Given information:
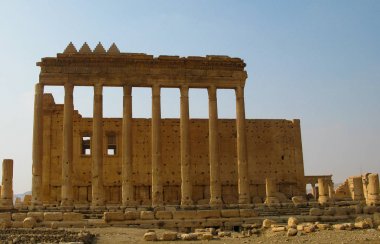 Palmyra, Suriye Baal tapınağı yok. Isis tarafından şimdi ortadan.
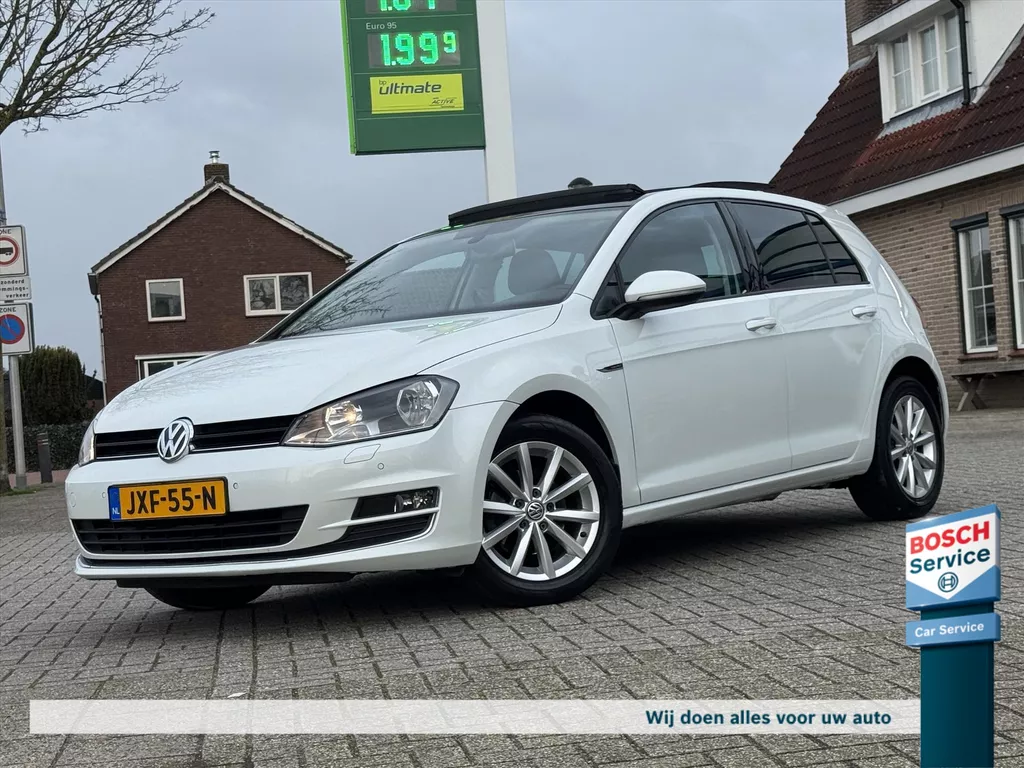 Volkswagen Golf 1.2 TSI LOUNGE Edition / Pano / Stoelverwarming / Bleutooth / Navi / Cruise / Clima / Pdc / Lichtmetaal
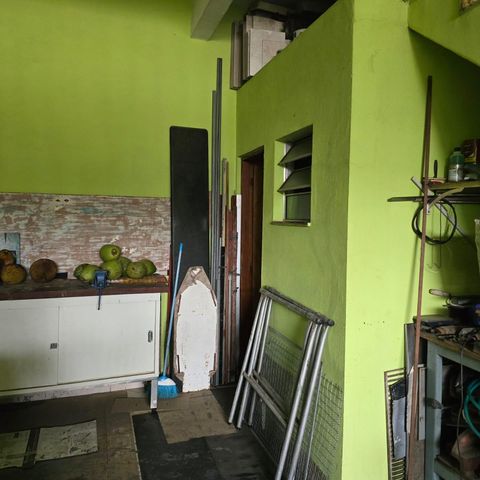 Casa à venda com 400m², 3 quartos e 4 vagas Casa à venda com 400m², 3 quartos e 4 vagasLavabo da Garagem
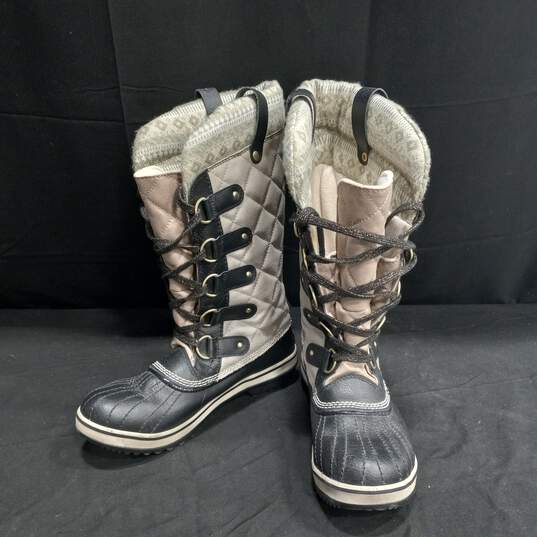 Sorel Tofino Women's White & Black Winter Boots Size 8.5 image number 1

Work instruction:
The expected output is the full data above, reproduced exactly with no images.

Answer to this exercise:
 Palmyra, Suriye Baal tapınağı yok. Isis tarafından şimdi ortadan.
 Volkswagen Golf 1.2 TSI LOUNGE Edition / Pano / Stoelverwarming / Bleutooth / Navi / Cruise / Clima / Pdc / Lichtmetaal
 Casa à venda com 400m², 3 quartos e 4 vagas Casa à venda com 400m², 3 quartos e 4 vagasLavabo da Garagem
 Sorel Tofino Women's White & Black Winter Boots Size 8.5 image number 1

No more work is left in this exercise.